|Boniface VIII and Cardinals|
In the Middle Ages, the only institution that held more sway over the common people than the nobility did was the church. As it was the ordained arbiter between God and an ignorant flock, the church not only held spiritual power, but political, as well. Kings were crowned by bishops and emperors by popes. The church also wielded what was called the double-edged sword. In effect, this idea meant that the church was a check on secular power. Excommunication was the main force of the pope's temporal power. By excommunication, the pope denied the targeted sovereign the right to rule and encouraged other kings to seize his lands. Not only were the pope and his clergy powerful, but they were also rich. Its members constituted 2% of the population, but they controlled 30% of the land and wealth. Inevitably, this led to abuse and the pursuit of clerical office merely for money. As though this were not bad enough for the lay people, worse was yet to come.
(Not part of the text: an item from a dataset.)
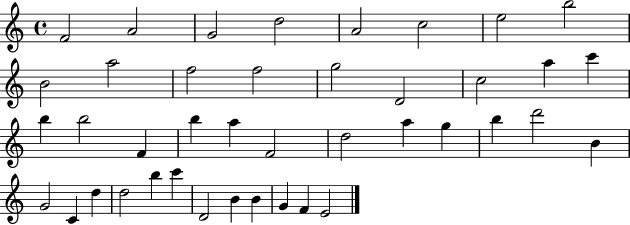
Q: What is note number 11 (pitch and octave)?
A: F5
|Political split between the two Papal factions|
In 1378 two rival popes claimed the Papacy, dividing the Catholic Church in two. Both simultaneously excommunicated each other and their respective flocks. This meant that everyone in medieval Europe at this time was under excommunication from one pope or the other. While the two factions fought it out for 39 years, the common people were left to doubt and worry. They were uncertain that their child could really be baptized by an excommunicated clergy, or that last rites and burial would save them from eternal damnation. In this way the church lost the faith of the French people. Although the schism was healed in 1417 and the church was able to regain some sense of legitimacy, deep currents of discontent were brewing that would come to a head in the late 18th century.